Annex: Summary of Key Decisions

  • At its meeting this week, the Board of Directors of the EIB decided to increase the size of the Group’s REPowerEU package from €30 billion announced in October 2022, to €45 billion in additional financing. The increase in volumes is expected to mobilize about €150 billion in investment for eligible sectors in the EU.
  • Projects eligible for financing include renewables, energy storage, grids, and energy efficiency, as well electric vehicle charging infrastructure, thus contributing to the REPowerEU plan to end fossil-fuel dependence. The initiative runs through 2027.
  • The scope of eligible projects is expanded compared to October’s decisions, to align the EIB’s REPowerEU+ package with the EU Commission’s Green Deal Industrial Plan. The EIB will finance the deployment of state-of-the-art manufacturing capacity in strategic net zero technologies.

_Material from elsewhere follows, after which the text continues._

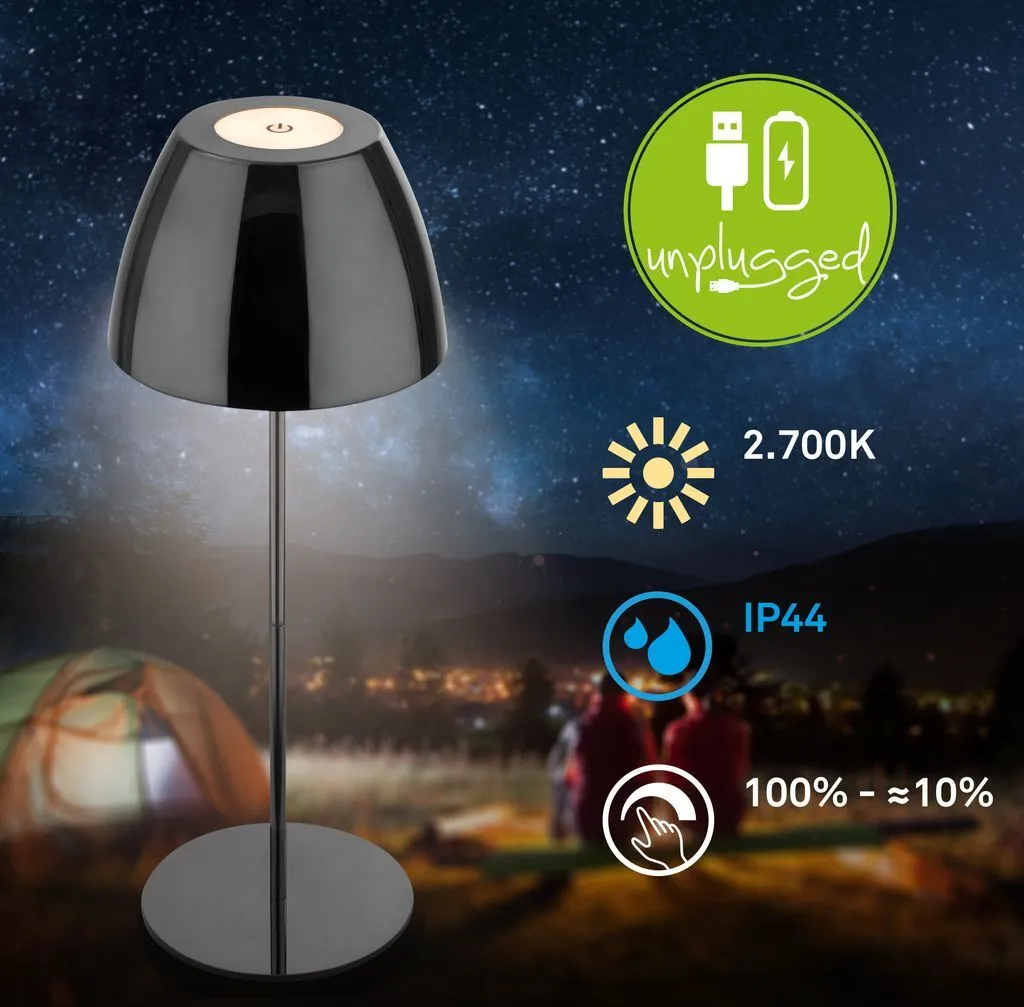 Briloner Serina Lampe de table LED sans fil IP44 dimmable Chrome 36cm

  • The additional funds will also be used to support investment in the extraction, processing and recycling of strategic Critical Raw Materials identified in the proposed Act of the European Commission.
  • In practice, the EIB will support manufacturing in solar and thermal photovoltaics, onshore and offshore wind turbines, battery storage, heat pumps, electrolysers and fuel cells, grid technologies, sustainable biogas, and carbon capture and storage. All projects must comply with the Bank’s environmental, social, climate and procurement standards.

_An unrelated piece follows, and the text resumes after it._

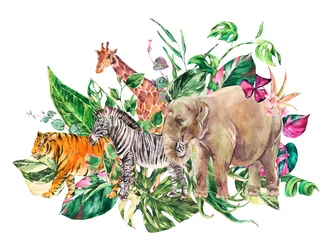  Tropical watercolor giraffe, elephant. Greenery zebra and tiger illustration © depiano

  • The EIB will also support the re-skilling and upskilling cost of the EU’s workforce and work closely with education systems and institutions, including in vocational education and training, to ensure that they have the proper means to deliver the required set of skills for the net-zero transition.
  • 90% of the additional lending foreseen under the EIB’s REPowerEU+ package will be provided from the EIB, while the remaining 10% via the EIF, subject to EIF Board approval.
  • Key measures decided in October and designed to accelerate the pace and maximizing the impact of new investments remain in place, including higher upfront disbursements (up to 90% of approved EIB financing), longer tenors that will make EIB loans to the energy sector more attractive, and a co-financing ceiling of up to 75% for projects contributing to the REPowerEU objectives, up from the typical 50% EIB limit per project.
  • Fossil-fuel infrastructure is not eligible for EIB financing under the EIB’s Energy Lending Policy, which remains unchanged. The war in Ukraine also highlighted that reliance on fossil fuels is a critical vulnerability for the EU.
  • Financing the deployment of advanced manufacturing, innovative or innovation-enabling technologies will also contribute to fostering innovation and its broad economic benefits, including the creation of local growth and skilled employment opportunities in the EU. The expansion of eligibilities for manufacturing is also expected to boost manufacturing capacity in cohesion regions of the Union, where GDP per capita is lower.